***** INFORMATION SHOWN
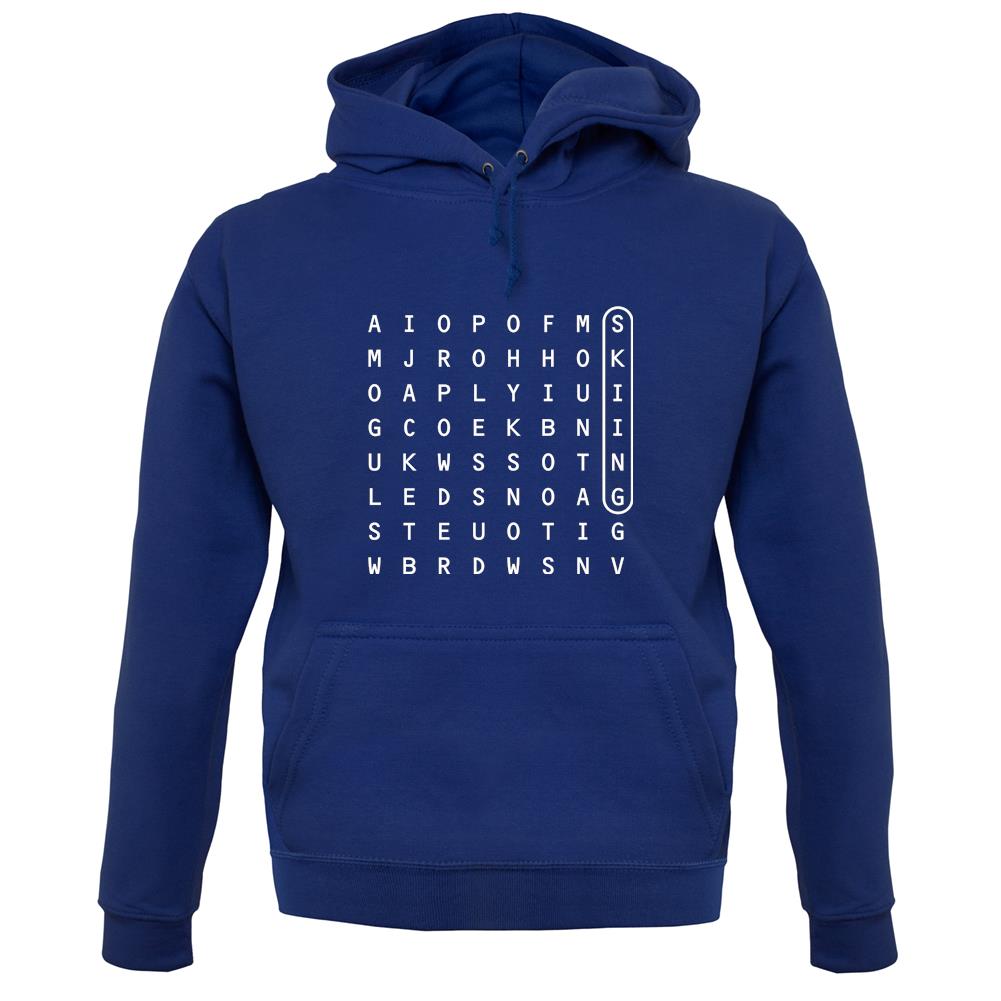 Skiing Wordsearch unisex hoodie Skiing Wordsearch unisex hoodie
**********
***** INFORMATION SHOWN
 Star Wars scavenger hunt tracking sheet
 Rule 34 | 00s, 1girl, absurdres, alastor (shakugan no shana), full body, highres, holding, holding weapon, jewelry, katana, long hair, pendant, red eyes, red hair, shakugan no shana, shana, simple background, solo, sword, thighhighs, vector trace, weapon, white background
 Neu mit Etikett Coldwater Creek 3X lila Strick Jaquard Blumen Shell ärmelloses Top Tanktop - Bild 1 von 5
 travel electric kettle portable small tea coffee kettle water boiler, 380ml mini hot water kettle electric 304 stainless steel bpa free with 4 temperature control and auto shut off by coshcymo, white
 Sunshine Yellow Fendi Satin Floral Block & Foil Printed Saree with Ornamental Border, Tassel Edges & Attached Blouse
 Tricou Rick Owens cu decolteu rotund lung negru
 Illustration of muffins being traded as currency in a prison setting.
**********
***** INFORMATION SHOWN
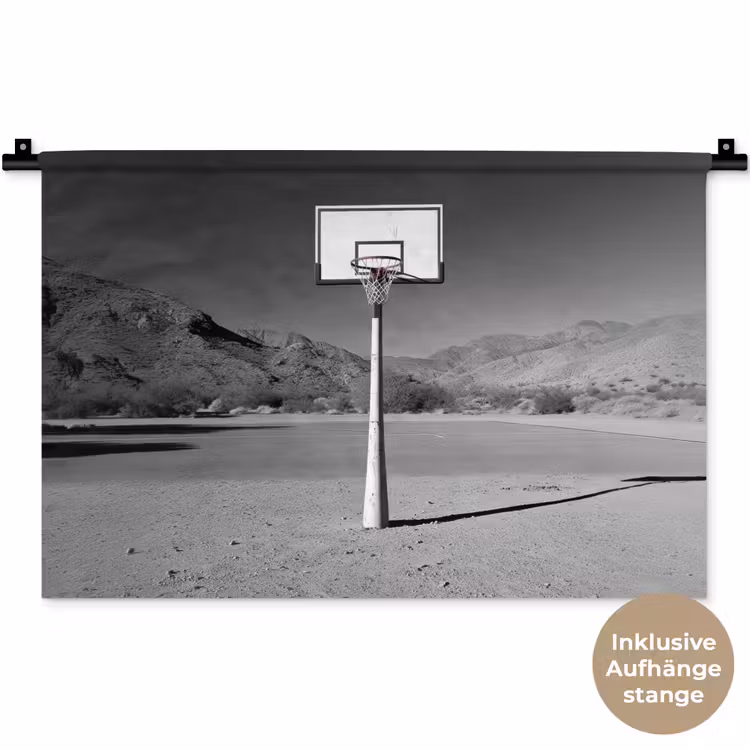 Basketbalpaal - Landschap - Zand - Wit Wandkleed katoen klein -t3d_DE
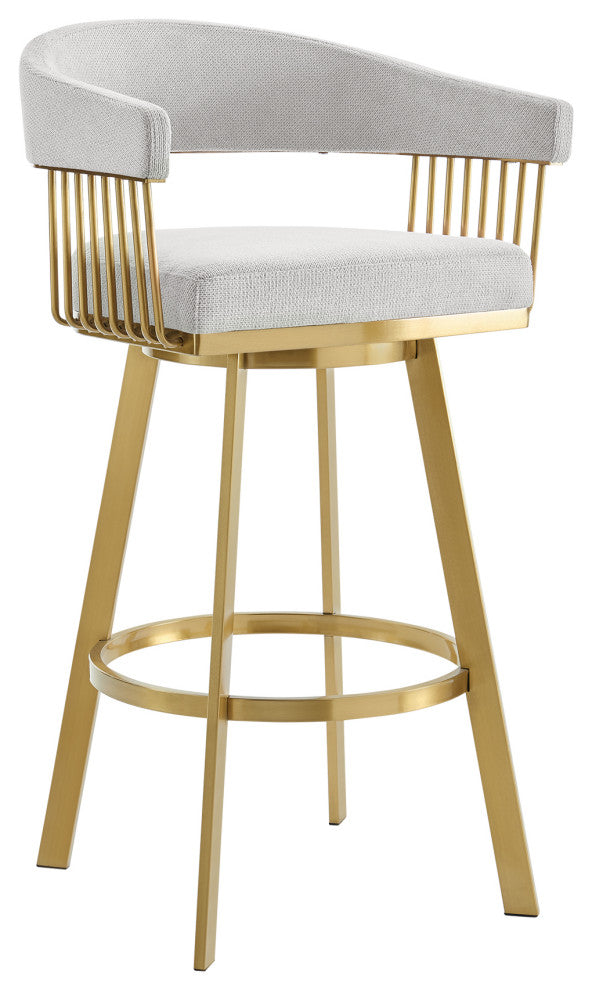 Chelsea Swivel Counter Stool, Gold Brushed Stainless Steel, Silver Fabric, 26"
**********
## TASK INSTRUCTIONS
Go through the listing above line by line and state how many lines include the string "with". Write only the number.

## RESPONSE AREA
2